And you can’t forget to stop and admire the colorful flowers at one of the many floral booths.

Butcher area

Oh, and if you’re looking for something a little more offbeat or bizarre. Head over to the meat section. Though fair warning, I wouldn’t recommend this after a large meal or if you get queasy easily.

Here it’s apparent they do not let any part of the animal go to waste, as you can find any animal limb imaginable for sale and the smell is pretty unpleasant.

Soup being made

But regardless of all that. This is a great spot to eat like the locals do! One large section (away from the butcher area) is full of booths where you can order traditional dishes and have them prepared right in front of you. Prices for meals here are SIGNIFICANTLY cheaper than restaurants around the area.

So if you’re a cost-conscious traveler, looking to stretch your soles in Cusco, this would be the place for you!

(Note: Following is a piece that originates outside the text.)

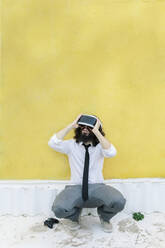 Man wearing virtual reality eyeglasses crouching against wall - MRRF00563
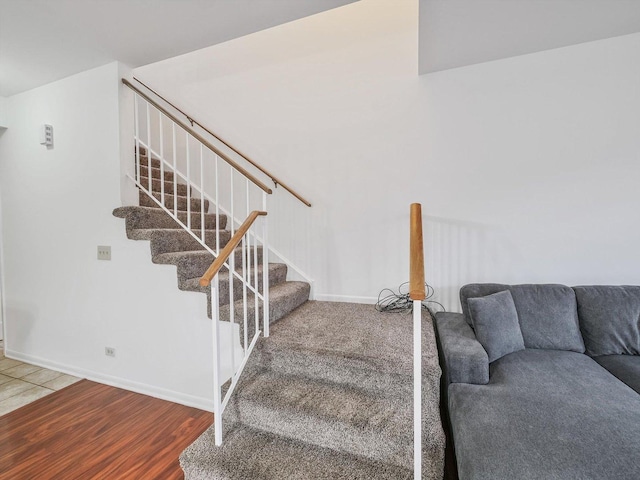 staircase featuring wood-type flooring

My favorite stop in the market had to be the fresh fruit juice bar. For about 6 soles you can get a juice that serves enough for 2. We didn’t realize this and actually ordered 2 (4 cups). No wonder the lady looked at me a little crazy when I was ordering…whoops!

Good thing we love fruit juice, because we were literally double-fisting them and super full from it after. The fruit combinations you can order are endless and I seriously wanted to try them all!

The lady at the bar was even kind enough to offer us samples of exotic fruit from the region that I had never even heard of before. Highly recommend this if you’re planning a trip to Cusco.